Sat, Oct 08, 2011 - Page 5 News List

Powerbroker Ozawa in hospital for kidney stone

AFP, TOKYO

Former Democratic Party of Japan (DPJ) leader Ichiro Ozawa was rushed to hospital with kidney stones overnight, his physician said yesterday, a day after the politician’s criminal trial over a funding scandal began.

In a fresh twist Ozawa, 69, will remain hospitalized for about a week for treatment, the doctor at the Nippon Medical School Hospital said.

“His pain has been significantly reduced.

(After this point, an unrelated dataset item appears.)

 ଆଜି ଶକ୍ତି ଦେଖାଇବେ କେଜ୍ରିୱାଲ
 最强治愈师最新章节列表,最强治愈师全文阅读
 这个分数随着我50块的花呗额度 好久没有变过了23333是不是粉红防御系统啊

He is in a stable condition,” the doctor said of the influential Japanese political figure.

Ozawa on Thursday pleaded not guilty to charges that he violated Japan’s political funding law at the opening of his highly anticipated public trial.

The so-called “Shadow Shogun,” who influences the biggest faction in the ruling party and narrowly failed to oust former Japanese premier Naoto Kan in a leadership battle last year, slammed the trial as “an abuse of state power.”

Hours later he complained of feeling unwell and was taken to hospital by ambulance late at night. In 1991, Ozawa was hospitalized with heart disease.

The gravel-like stones can form in the kidney when particles of minerals crystallize. If they dislodge they can become painful obstructions. The veteran lawmaker is accused of conspiring with aides in not reporting ¥400 million (US$5.2 million) that he loaned to his funding body in 2004 to facilitate a land deal.

That body paid ¥350 million for the purchase and reported the deal in documents for a different year to make the funds appear to have come from bank loans and thereby avoid having to clarifying where they came from, according to the indictment.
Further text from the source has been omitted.